The case involved a road traffic accident that fell out of the portal because liability was not admitted. The costs dispute centred around a part 36 offer made by the claimant in November 2014, which was not accepted until a week before trial in June 2016.
The solicitor for the defendant explained the late change of heart on the basis that it was close to trial and that it was a serious and taxing ordeal for the defendant to go through. Counsel for the claimant pointed out that this was not a proper explanation, because the nature of the trial and the fact that litigation could be an ordeal was obvious from the outset.
The claimant sought £2,372 in fixed recoverable costs up to the expiry of the part 36 offer and £5,534 on the indemnity basis for the period thereafter, a total of £7,906.
At first instance, the DDJ awarded fixed costs for the whole period, and found that the criteria for making an order for indemnity costs had not been made out as there was nothing which took the case out of the norm.
The claimant argued that because the offer was accepted so late, she incurred substantial costs in preparation for the trial, which as a result of the DDJ’s ruling fell on her and reduced or wiped out the damages recovered.
On appeal, Her Honour Judge Walden-Smith said: “To put in summary form, the claimant contends that such an outcome offends against fairness and encourages parties to delay in settling matters as the consequences of delaying until (almost) the eve of trial is to load the costs upon the claimant who is likely to have a conditional fee arrangement that results in there being a higher success fee closer to trial which will reduce the damages in fact recovered.
“The defendant who waits until the last moment to accept the claimant’s part 36 offer can accept out of time knowing that it will only be liable for a proportionate contribution towards the claimant’s costs.”
The judge concluded that CPR 36.10 was clear that if the offer was accepted late, then costs would be fixed up to the point it expired and then assessed until the date of acceptance.
“Whether those costs are standard or indemnity is a matter for the discretion of the judge. In my judgment, the rule creates neither a presumption in favour of costs being on the standard basis or on the indemnity basis.
“The rules committee would have been very well aware of the infinite variety of circumstances surrounding the late acceptance of a part 36 offer and, while acceptance within the relevant period can be given a clear direction as to the consequences, the rules relating to late acceptance deliberately remain silent (in my view deliberately) so as to give the Judge determining the issue (if there is lack of agreement) a wide discretion to do that which he considers appropriate in all the circumstances of the case.”
While the DDJ had been wrong to award fixed costs only, his decision on indemnity costs was not one that could properly be said to be outside a proper exercise of discretion, HHJ Walden-Smith said, even though another judge may have come to a different conclusion.
Costs Lawyer Jonathan Frith, costs manager at the claimant’s solicitors, Winns, said: “Fixed costs do not provide adequate compensation where a defendant accepts a part 36 offer, sometimes months outside of the relevant period.

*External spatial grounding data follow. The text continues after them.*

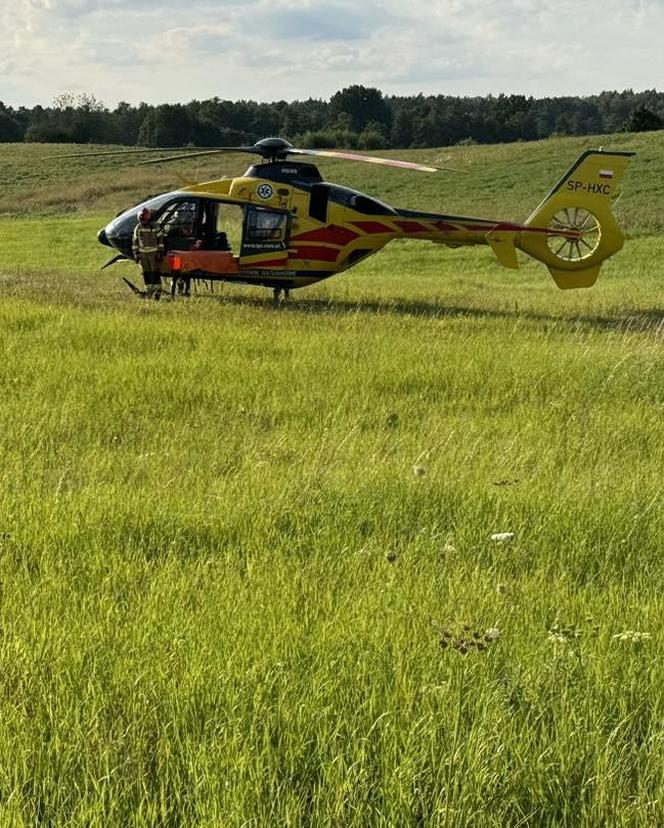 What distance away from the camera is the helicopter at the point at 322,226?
14203 millimetres

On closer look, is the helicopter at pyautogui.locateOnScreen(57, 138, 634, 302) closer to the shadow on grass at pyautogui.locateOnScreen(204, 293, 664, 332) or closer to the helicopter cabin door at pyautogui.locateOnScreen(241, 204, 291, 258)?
the helicopter cabin door at pyautogui.locateOnScreen(241, 204, 291, 258)

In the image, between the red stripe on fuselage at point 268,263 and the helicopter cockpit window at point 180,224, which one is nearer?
the red stripe on fuselage at point 268,263

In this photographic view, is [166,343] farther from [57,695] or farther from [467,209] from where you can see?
[467,209]

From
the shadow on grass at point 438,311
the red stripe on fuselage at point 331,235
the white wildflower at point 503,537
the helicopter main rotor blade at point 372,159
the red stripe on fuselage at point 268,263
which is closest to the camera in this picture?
the white wildflower at point 503,537

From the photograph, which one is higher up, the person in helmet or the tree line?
the tree line

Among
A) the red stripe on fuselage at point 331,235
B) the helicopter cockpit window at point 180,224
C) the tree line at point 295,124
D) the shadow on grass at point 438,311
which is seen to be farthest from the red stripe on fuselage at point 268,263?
the tree line at point 295,124

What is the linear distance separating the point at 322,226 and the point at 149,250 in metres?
2.82

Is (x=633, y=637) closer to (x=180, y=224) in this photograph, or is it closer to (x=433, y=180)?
(x=180, y=224)

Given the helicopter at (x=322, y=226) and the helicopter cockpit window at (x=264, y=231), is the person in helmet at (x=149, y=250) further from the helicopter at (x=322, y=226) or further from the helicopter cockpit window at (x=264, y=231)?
the helicopter cockpit window at (x=264, y=231)

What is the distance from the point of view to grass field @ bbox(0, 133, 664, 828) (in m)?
2.33

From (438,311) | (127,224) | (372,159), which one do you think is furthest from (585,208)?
(127,224)

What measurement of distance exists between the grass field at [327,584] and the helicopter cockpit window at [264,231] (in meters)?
5.07

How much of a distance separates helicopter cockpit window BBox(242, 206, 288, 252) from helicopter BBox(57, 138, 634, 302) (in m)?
0.02

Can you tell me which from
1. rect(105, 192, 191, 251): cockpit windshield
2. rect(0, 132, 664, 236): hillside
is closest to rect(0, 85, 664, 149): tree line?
rect(0, 132, 664, 236): hillside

“While I understand and appreciate the swings and roundabouts approach of fixed costs, it is common knowledge that these sums do not represent the full legal spend of a party. Claimants should not be prejudiced, financially or otherwise, for making sensible offers to settle early on in proceedings. This decision outlines that assessed costs are appropriate in circumstances where part 36 offers are accepted out of time. We welcome this.”